▶ _Brief_
Could you copy every entry exactly, dropping the pictures?

----- Source information

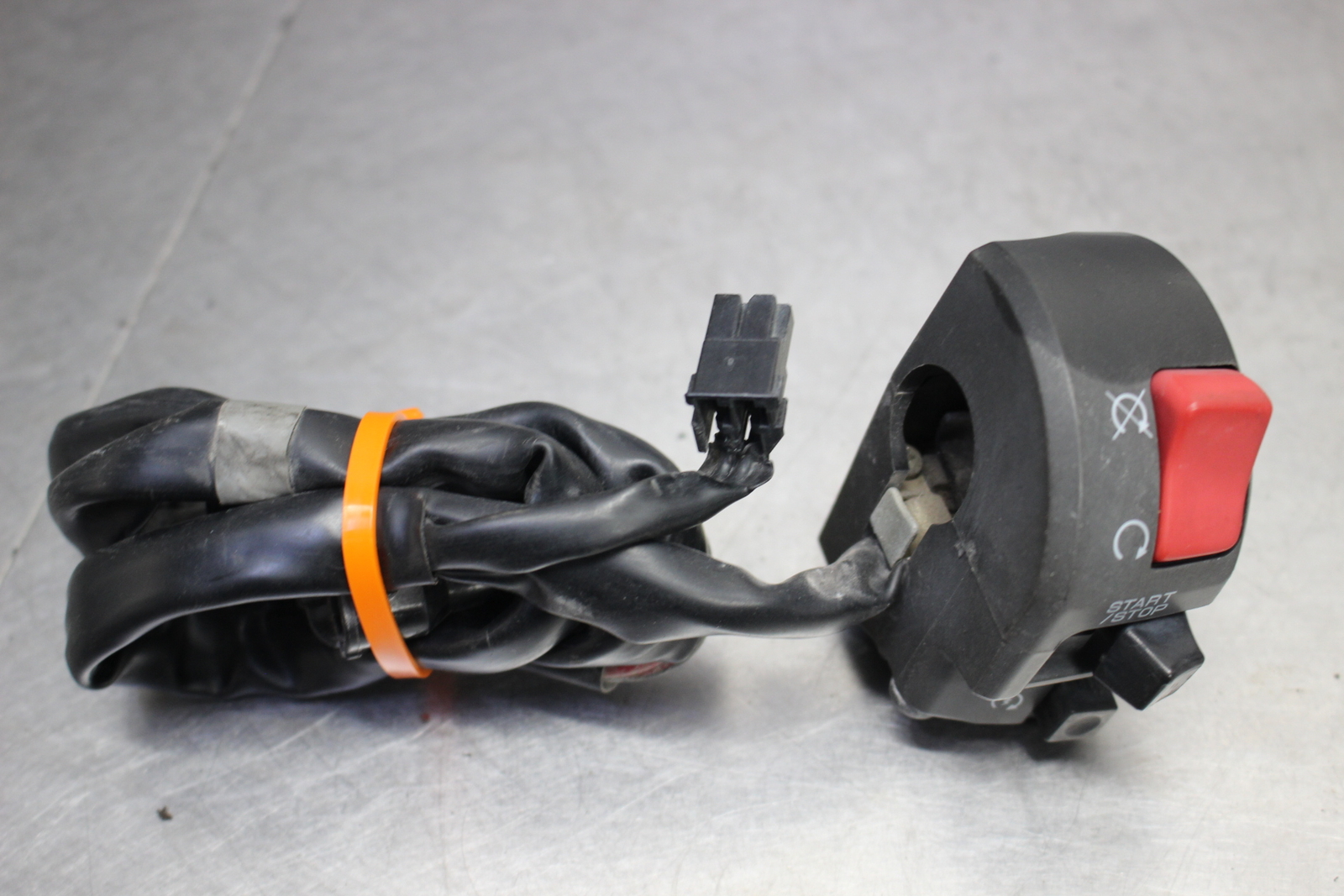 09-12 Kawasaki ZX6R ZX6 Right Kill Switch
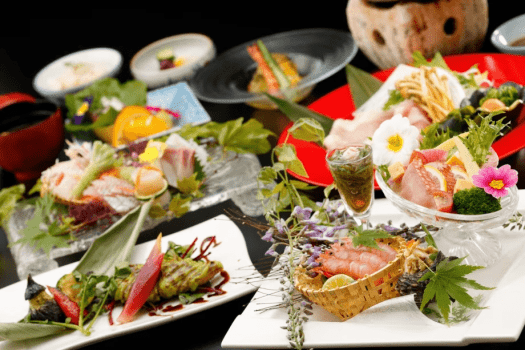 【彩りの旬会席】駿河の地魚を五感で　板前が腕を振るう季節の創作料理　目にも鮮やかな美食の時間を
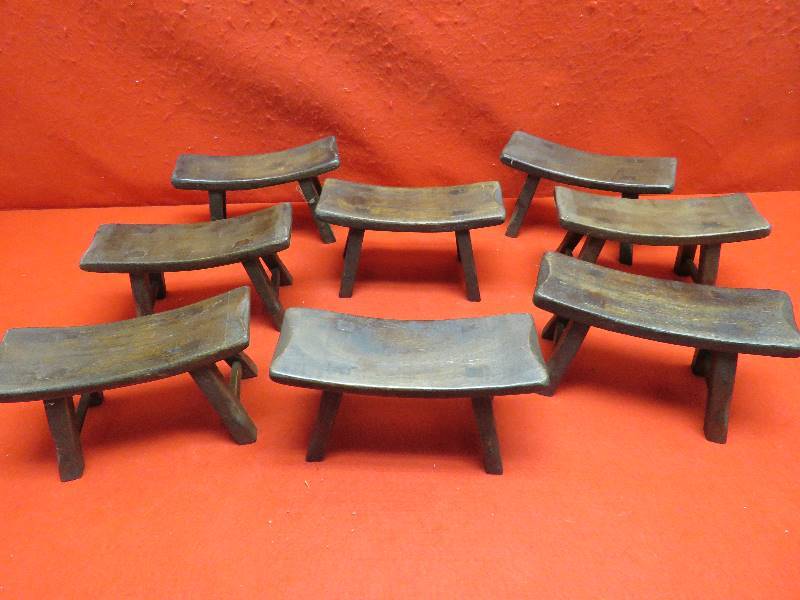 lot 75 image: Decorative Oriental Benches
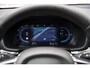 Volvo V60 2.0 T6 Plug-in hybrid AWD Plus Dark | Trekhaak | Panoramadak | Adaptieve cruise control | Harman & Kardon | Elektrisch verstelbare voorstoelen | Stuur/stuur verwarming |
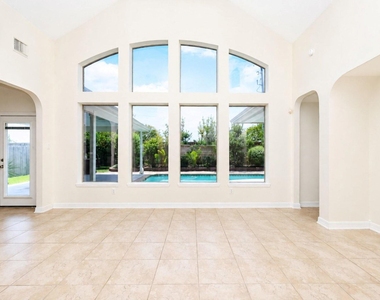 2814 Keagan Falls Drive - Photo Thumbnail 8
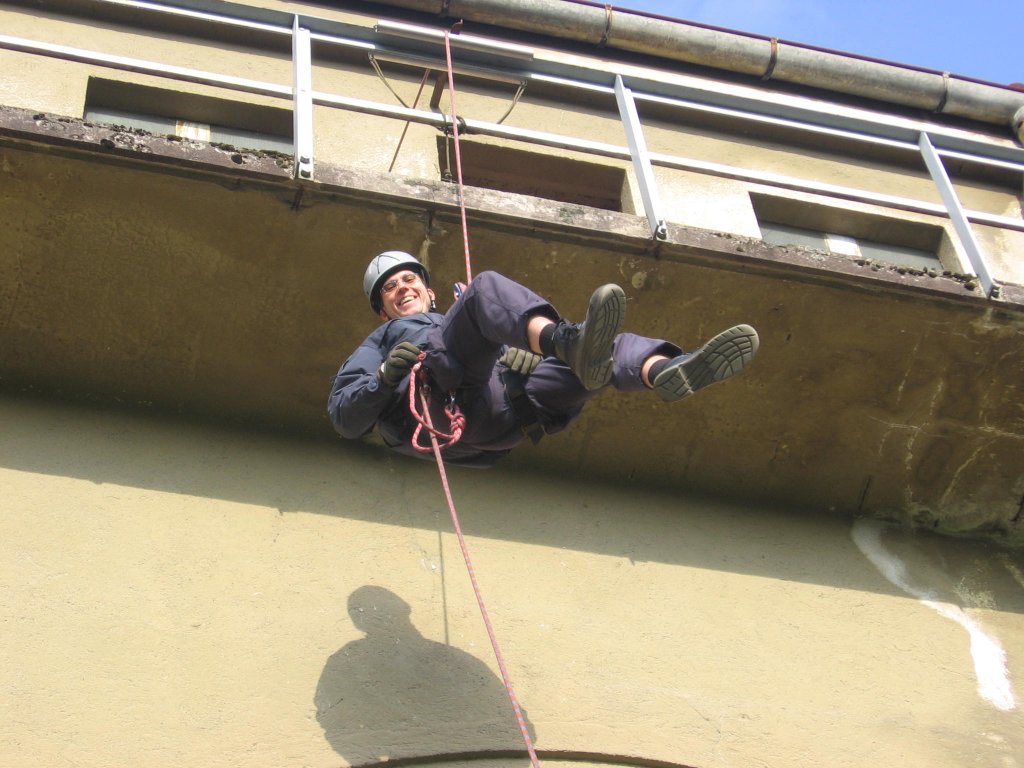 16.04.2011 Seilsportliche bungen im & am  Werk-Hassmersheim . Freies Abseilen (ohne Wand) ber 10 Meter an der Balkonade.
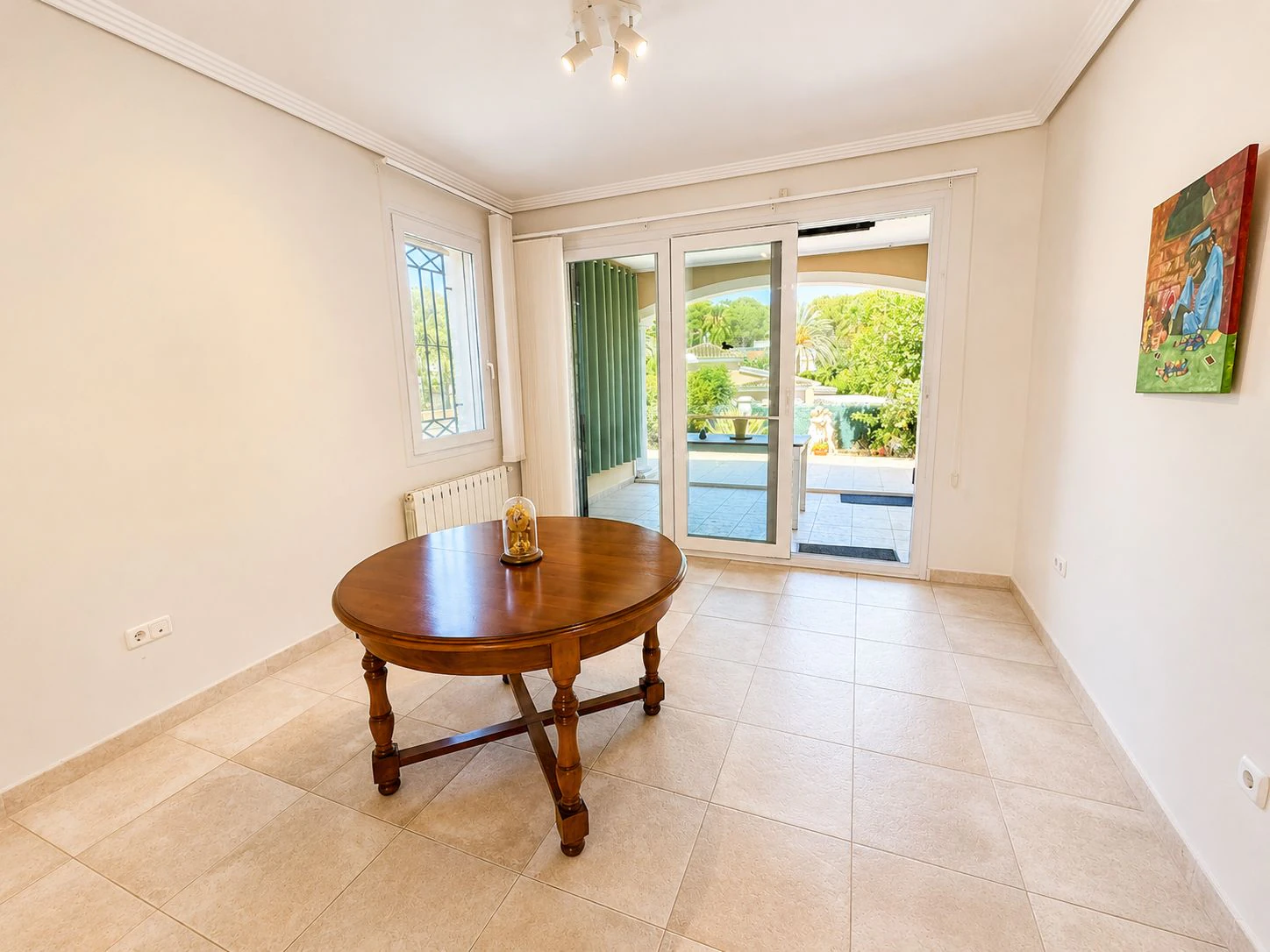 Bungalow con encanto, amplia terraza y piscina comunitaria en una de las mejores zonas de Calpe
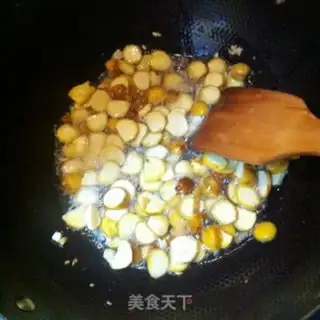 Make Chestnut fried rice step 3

----------

▶ _Response box_
 09-12 Kawasaki ZX6R ZX6 Right Kill Switch
 【彩りの旬会席】駿河の地魚を五感で　板前が腕を振るう季節の創作料理　目にも鮮やかな美食の時間を
 lot 75 image: Decorative Oriental Benches
 Volvo V60 2.0 T6 Plug-in hybrid AWD Plus Dark | Trekhaak | Panoramadak | Adaptieve cruise control | Harman & Kardon | Elektrisch verstelbare voorstoelen | Stuur/stuur verwarming |
 2814 Keagan Falls Drive - Photo Thumbnail 8
 16.04.2011 Seilsportliche bungen im & am  Werk-Hassmersheim . Freies Abseilen (ohne Wand) ber 10 Meter an der Balkonade.
 Bungalow con encanto, amplia terraza y piscina comunitaria en una de las mejores zonas de Calpe
 Make Chestnut fried rice step 3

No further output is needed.